======== Provided data ========

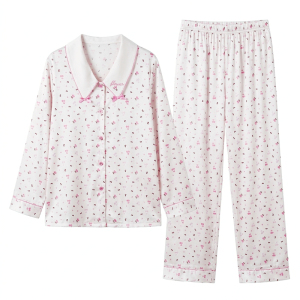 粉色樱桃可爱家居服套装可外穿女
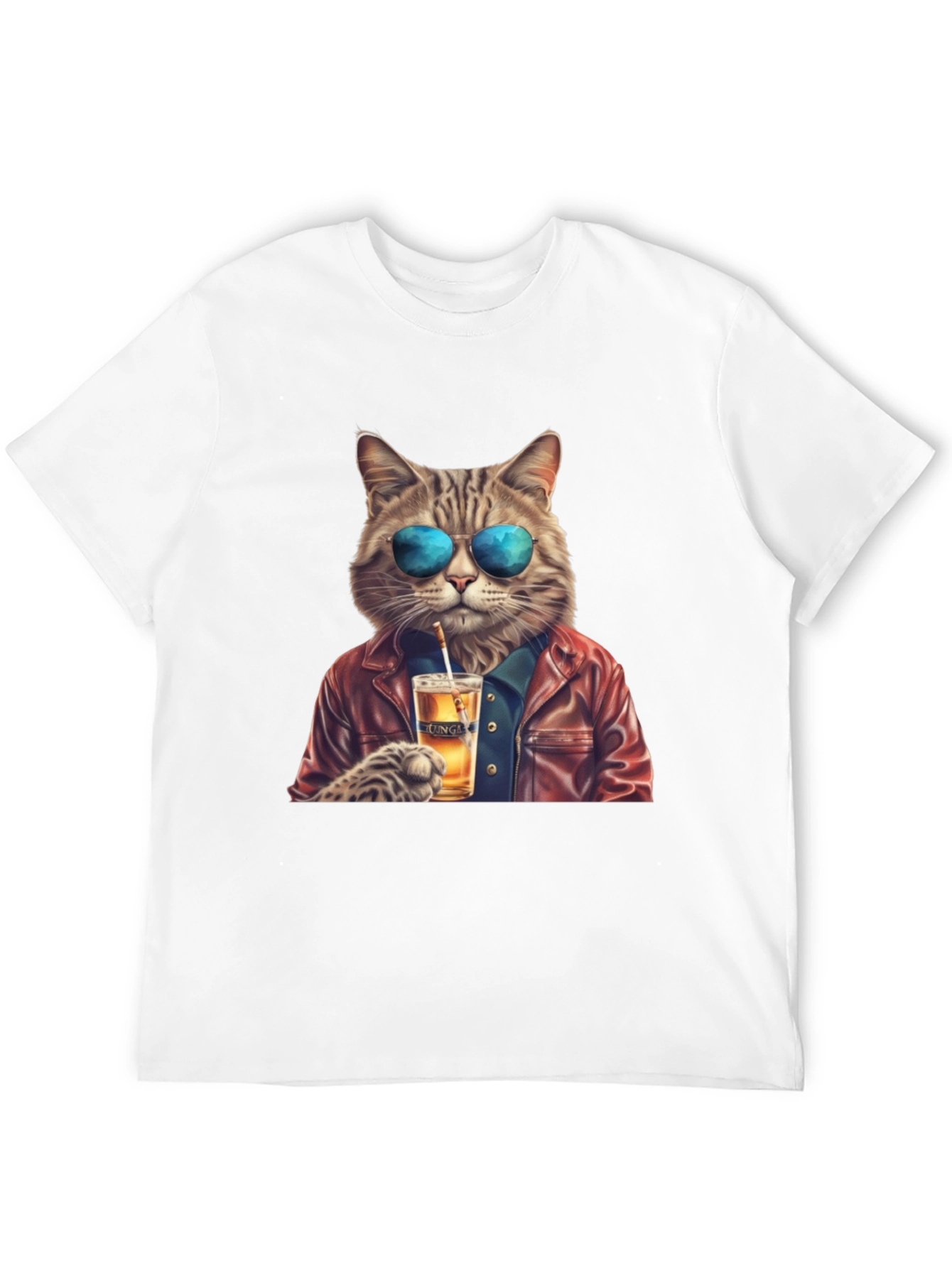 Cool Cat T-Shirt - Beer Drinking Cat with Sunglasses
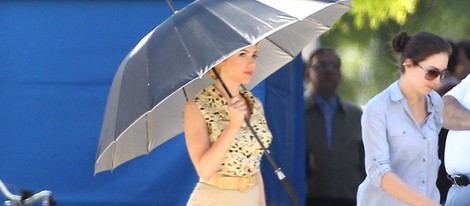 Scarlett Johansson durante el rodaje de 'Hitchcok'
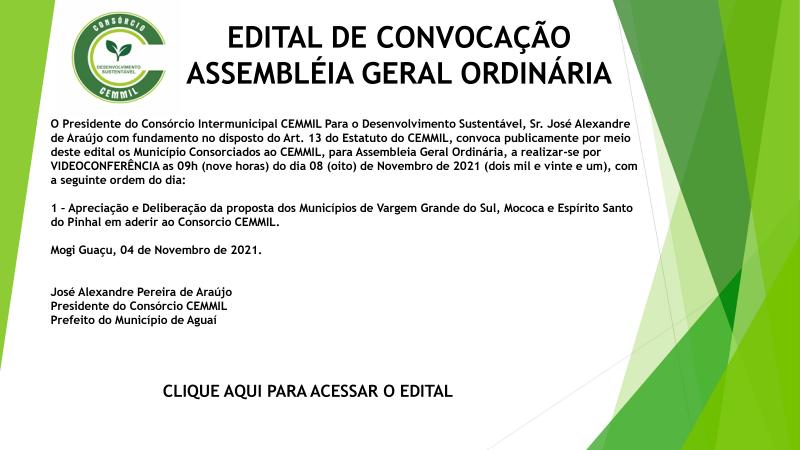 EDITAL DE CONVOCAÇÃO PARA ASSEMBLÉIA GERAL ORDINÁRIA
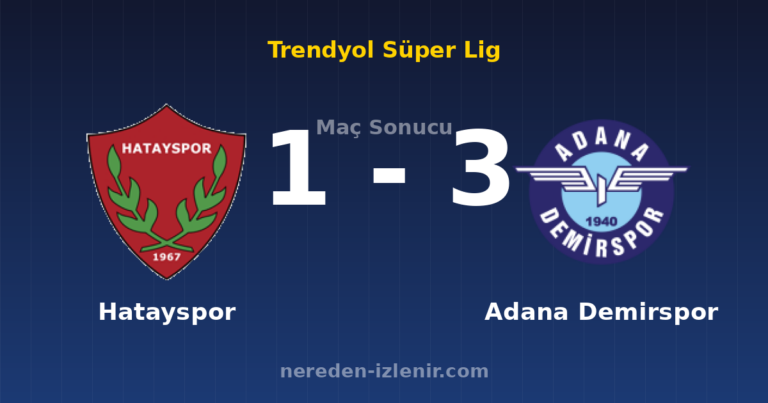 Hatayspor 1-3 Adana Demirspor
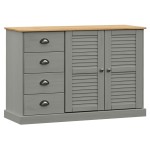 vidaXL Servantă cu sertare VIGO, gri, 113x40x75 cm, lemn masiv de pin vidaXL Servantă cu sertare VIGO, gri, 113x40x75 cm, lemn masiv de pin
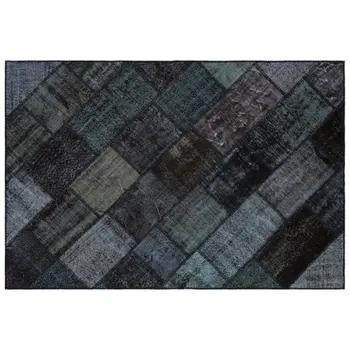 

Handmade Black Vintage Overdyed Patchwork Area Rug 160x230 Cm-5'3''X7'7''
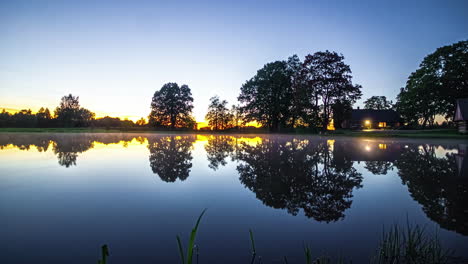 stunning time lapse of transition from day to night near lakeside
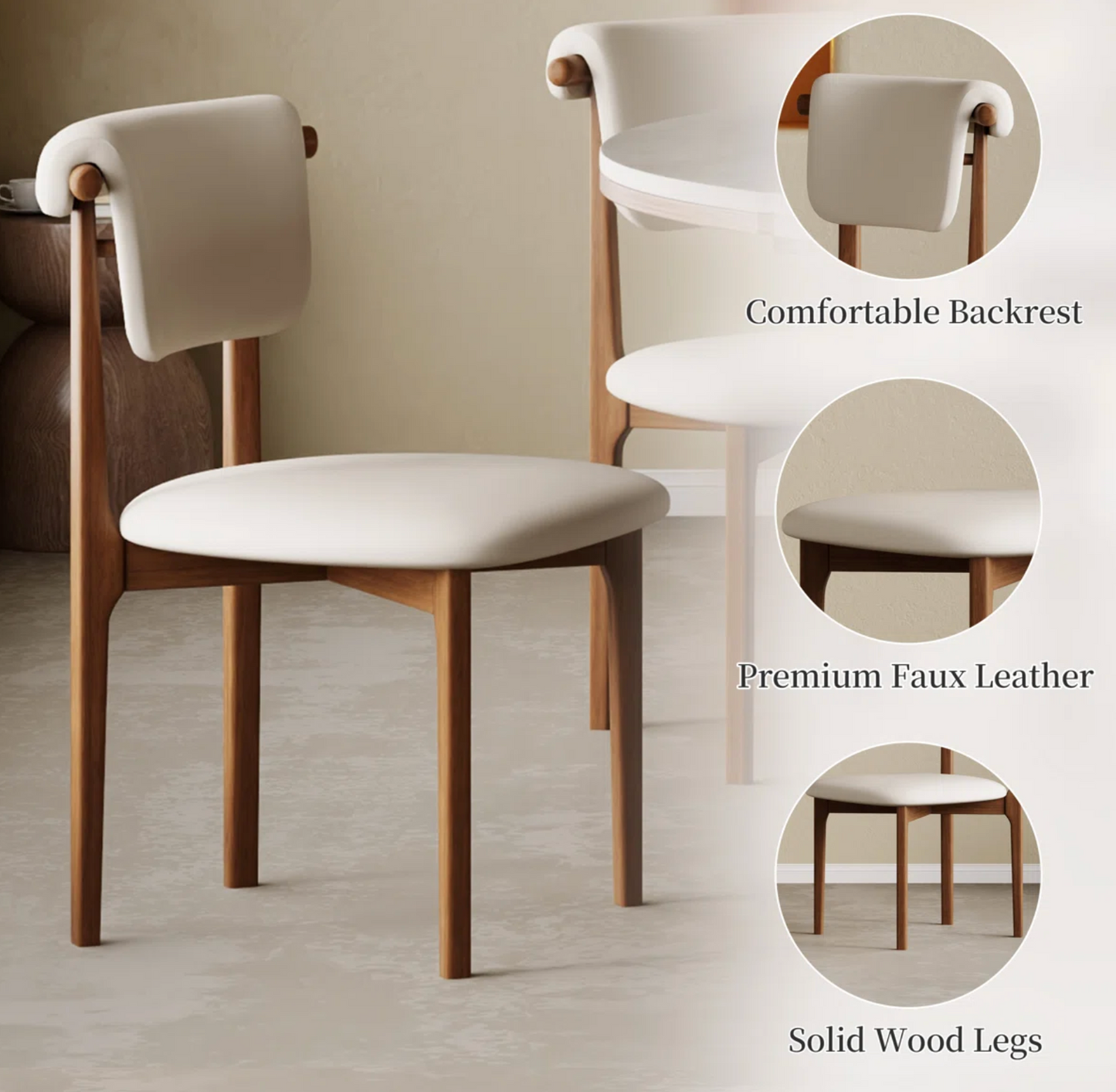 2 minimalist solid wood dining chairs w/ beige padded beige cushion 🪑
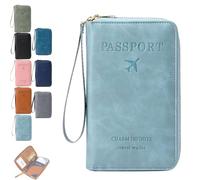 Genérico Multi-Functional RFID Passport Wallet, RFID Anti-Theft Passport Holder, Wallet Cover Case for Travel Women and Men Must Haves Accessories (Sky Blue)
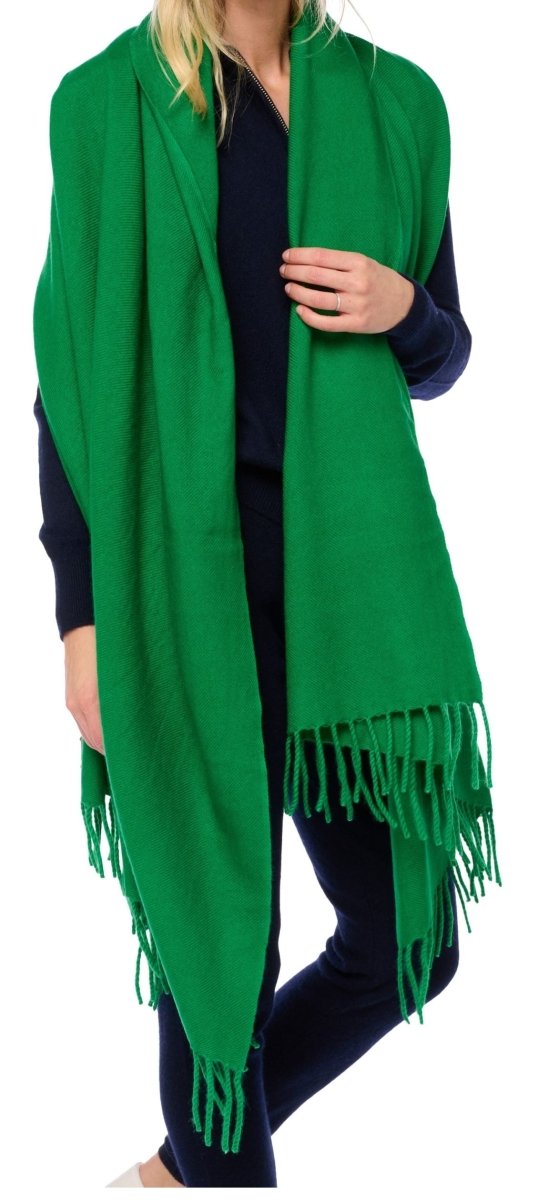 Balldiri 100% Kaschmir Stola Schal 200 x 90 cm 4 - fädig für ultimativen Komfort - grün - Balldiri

========

● What the task requires
Return the entries above exactly, skipping any images.

● Task output
 粉色樱桃可爱家居服套装可外穿女
 Cool Cat T-Shirt - Beer Drinking Cat with Sunglasses
 Scarlett Johansson durante el rodaje de 'Hitchcok'
 EDITAL DE CONVOCAÇÃO PARA ASSEMBLÉIA GERAL ORDINÁRIA
 Hatayspor 1-3 Adana Demirspor
 vidaXL Servantă cu sertare VIGO, gri, 113x40x75 cm, lemn masiv de pin vidaXL Servantă cu sertare VIGO, gri, 113x40x75 cm, lemn masiv de pin

Handmade Black Vintage Overdyed Patchwork Area Rug 160x230 Cm-5'3''X7'7''
 stunning time lapse of transition from day to night near lakeside
 2 minimalist solid wood dining chairs w/ beige padded beige cushion 🪑
 Genérico Multi-Functional RFID Passport Wallet, RFID Anti-Theft Passport Holder, Wallet Cover Case for Travel Women and Men Must Haves Accessories (Sky Blue)
 Balldiri 100% Kaschmir Stola Schal 200 x 90 cm 4 - fädig für ultimativen Komfort - grün - Balldiri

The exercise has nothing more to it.